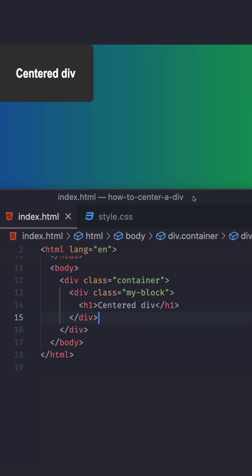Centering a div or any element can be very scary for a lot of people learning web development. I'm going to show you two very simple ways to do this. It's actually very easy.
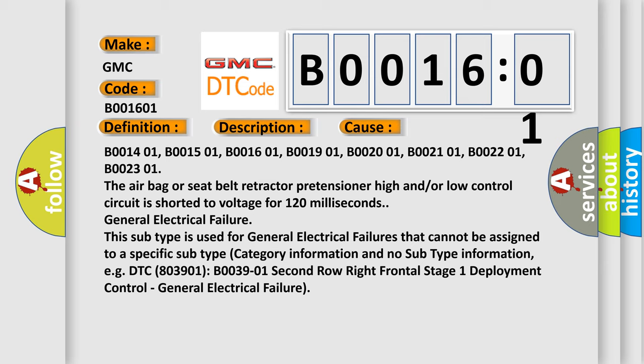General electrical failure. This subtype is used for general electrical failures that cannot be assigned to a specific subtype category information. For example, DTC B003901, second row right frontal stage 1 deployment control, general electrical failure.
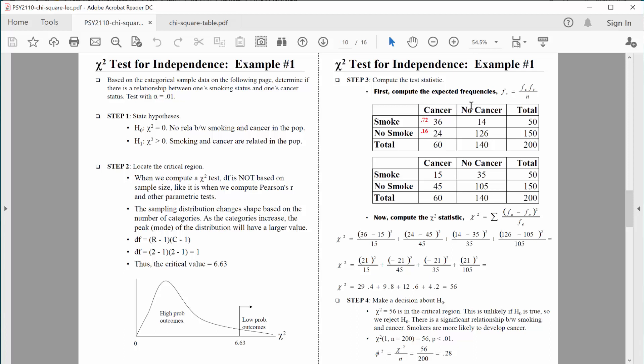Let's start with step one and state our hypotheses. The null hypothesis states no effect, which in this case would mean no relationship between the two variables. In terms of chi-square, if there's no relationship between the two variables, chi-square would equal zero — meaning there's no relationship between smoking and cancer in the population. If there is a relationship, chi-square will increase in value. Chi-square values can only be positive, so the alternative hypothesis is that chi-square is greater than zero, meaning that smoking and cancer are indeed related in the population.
...
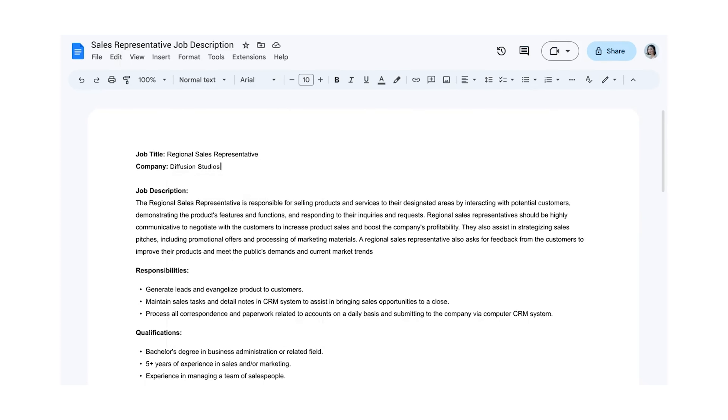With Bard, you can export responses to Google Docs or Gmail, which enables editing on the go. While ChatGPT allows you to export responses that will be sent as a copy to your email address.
* * *
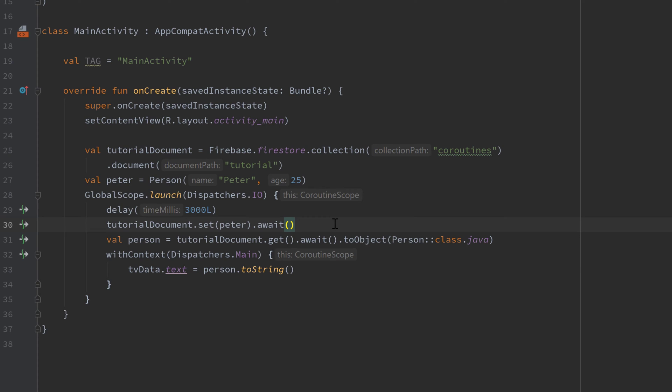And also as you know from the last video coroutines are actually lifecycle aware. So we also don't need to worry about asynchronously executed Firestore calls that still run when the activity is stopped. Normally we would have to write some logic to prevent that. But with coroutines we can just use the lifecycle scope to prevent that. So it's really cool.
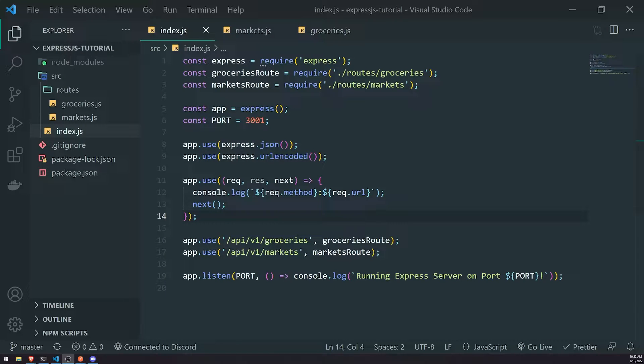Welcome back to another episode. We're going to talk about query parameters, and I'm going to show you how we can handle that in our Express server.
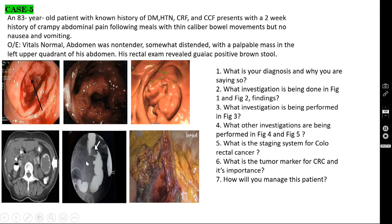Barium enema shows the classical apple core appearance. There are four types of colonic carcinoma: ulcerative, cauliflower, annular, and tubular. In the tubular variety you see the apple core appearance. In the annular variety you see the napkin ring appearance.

Task directions:
Reproduce the lines above starting at the one with "Centering a div" and ending at the one with "Let's start with", both included, exactly and with no pictures.

Exercise output:
Centering a div or any element can be very scary for a lot of people learning web development. I'm going to show you two very simple ways to do this. It's actually very easy.
General electrical failure. This subtype is used for general electrical failures that cannot be assigned to a specific subtype category information. For example, DTC B003901, second row right frontal stage 1 deployment control, general electrical failure.
Let's start with step one and state our hypotheses. The null hypothesis states no effect, which in this case would mean no relationship between the two variables. In terms of chi-square, if there's no relationship between the two variables, chi-square would equal zero — meaning there's no relationship between smoking and cancer in the population. If there is a relationship, chi-square will increase in value. Chi-square values can only be positive, so the alternative hypothesis is that chi-square is greater than zero, meaning that smoking and cancer are indeed related in the population.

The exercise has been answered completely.